# My flock got caught in a downpour



## frogmama (May 17, 2014)

I got stuck in traffic and couldn't get home in time to get my hens out of a sudden downpour. They were in a pen in my garden "working" for me and didn't have anything to protect them from the rain. When I finally got back (it was still raining) I got them all in the coop. About half didn't seem to mind the rain, though they were drenched. The other half ran to the coop as soon as I got them out of the pen.

Is there anything I can do now that they are soaked to the bone? The coop has nice dry shavings in it. ...or should I get my hairdryer, lol? I feel bad for them... Thanks


Rookie chicken keeper of 5 EEs and 5 ISA Browns, in Central MN


----------



## robin416 (Sep 8, 2013)

Even where you live the temps are still high enough that they should be fine. 

Believe it or not, its hard to blow dry a chicken completely. They actually make a stand to hold the dryer it takes so long to accomplish.


----------



## frogmama (May 17, 2014)

Well, thats good to know . Its still 61 right now. It is actually unusually warm this week here in MN. I thought of letting them out in the evening sun now that the rain stopped, but it would be difficult to coop them up again in 45 min. for the night.

I am brainstorming how to make a chicken-tunnel to the garden from the coop. Would be about 70 feet. 


Rookie chicken keeper of 5 EEs and 5 ISA Browns, in Central MN


----------



## robin416 (Sep 8, 2013)

A hoop tunnel would probably be the easiest thing. What I would be thinking about now is predators. Fall is one of those times of years that they become very active and we're liable to suffer losses because of them. I had something outside of my pen a couple of nights ago, made a heck of mess out there. But I have hot wire going around the base of the pen so getting in is a challenge

BTW, since your flock is hard feathered chances are they did not get wet to the skin.


----------



## frogmama (May 17, 2014)

Thanks for the input. I have seen a hawk flying in the area, not sure they can take a full sized chicken or not. We just started free-ranging them when we removed the run from their coop to make the garden pen. But they had plenty of pine trees to hide under while they were free-ranging, not like in the garden :/. I want to rig up some moveable hiding places or a field coop for them if they feel threatened. At night they will be secured back in the big coop. 

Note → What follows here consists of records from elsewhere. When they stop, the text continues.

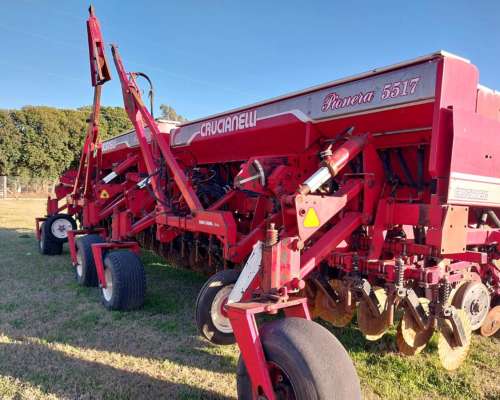 Sembradora Crucianelli Pionera 2012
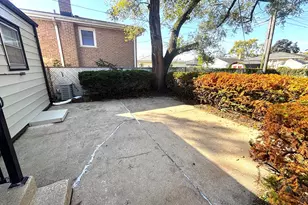 8204 Austin Ave, Burbank, IL 60459 - Photo 12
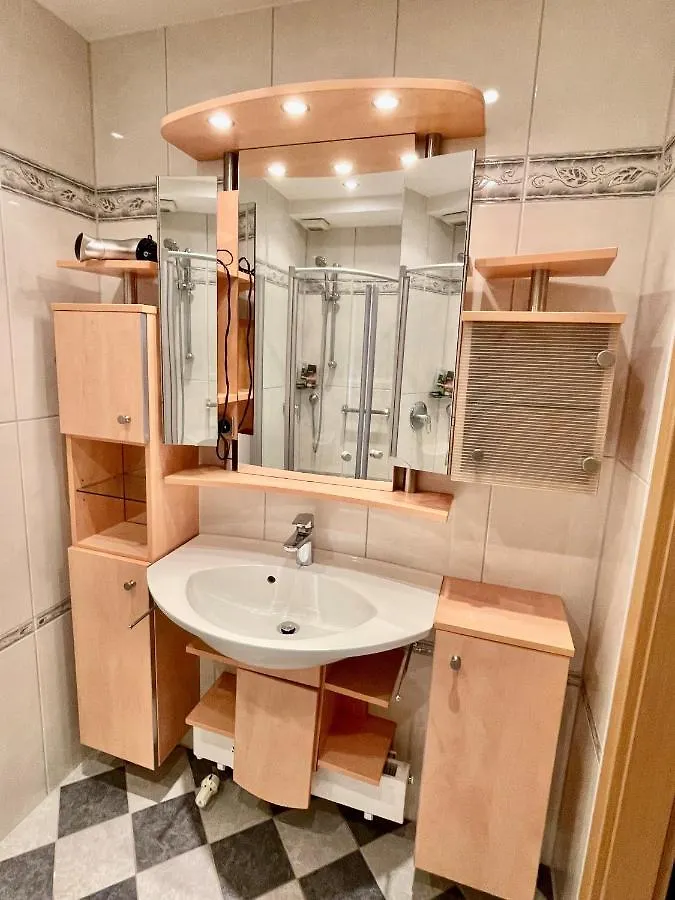 Apartment Fuer Vier Hannover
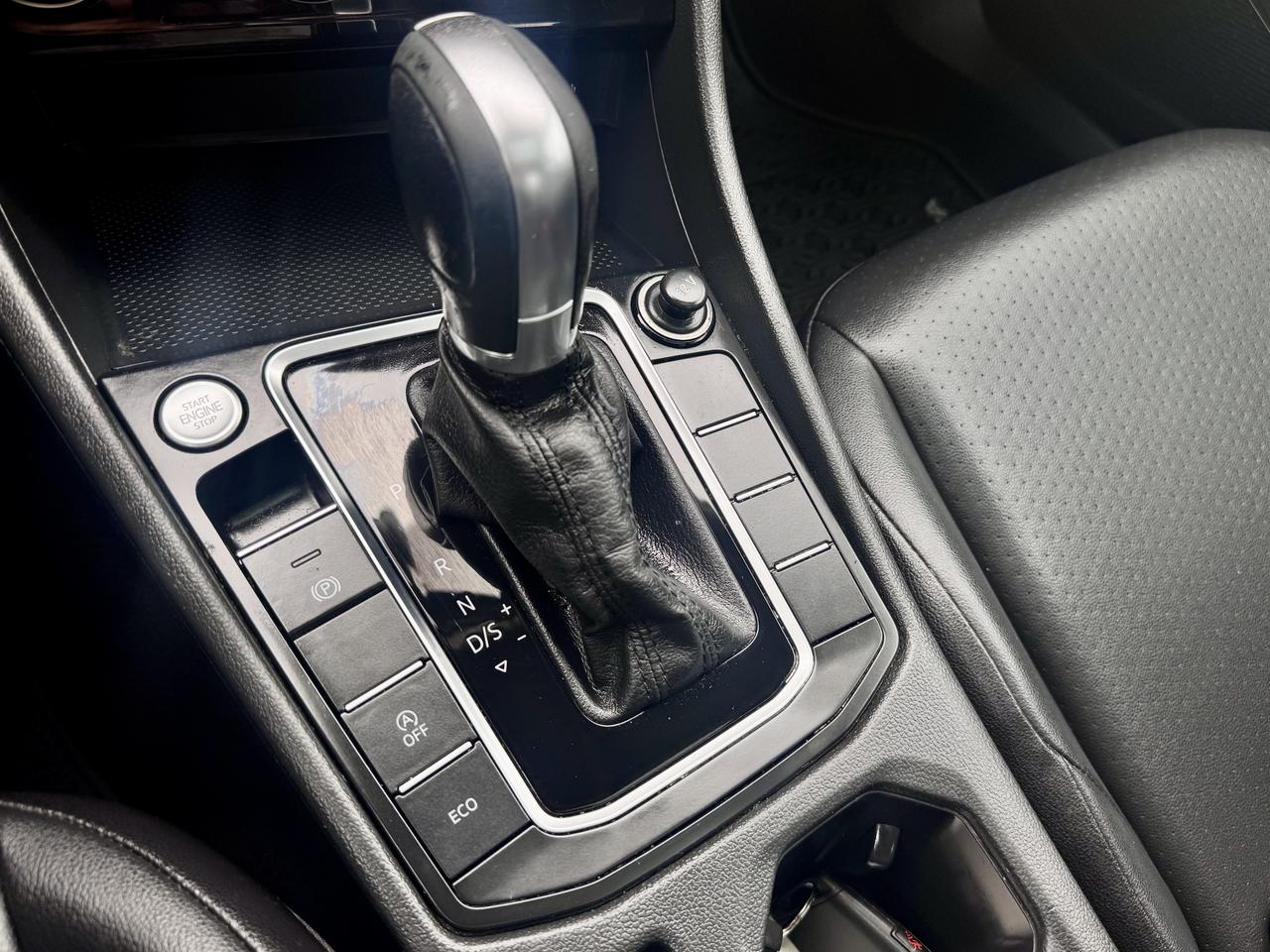 2019 Volkswagen Jetta HIGHLINE Photo12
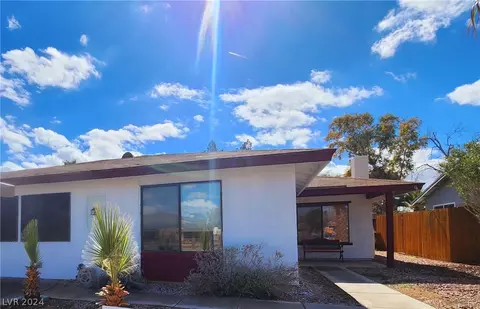 5505 Seattle Slew Dr, Las Vegas, NV 89108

I'll have to look into hoop tunnels too. Our long-term plan is to pasture them, so we need something flexible in terms of size/terrain. If they "escape" from the pasture, its not a big deal, I just would like to confine their free-ranging a bit. 

Just checked on them. They felt dry, just maybe not as warm as usual. I turned on their low-heat light for some warmth just in case. 


Rookie chicken keeper of 5 EEs and 5 ISA Browns, in Central MN


----------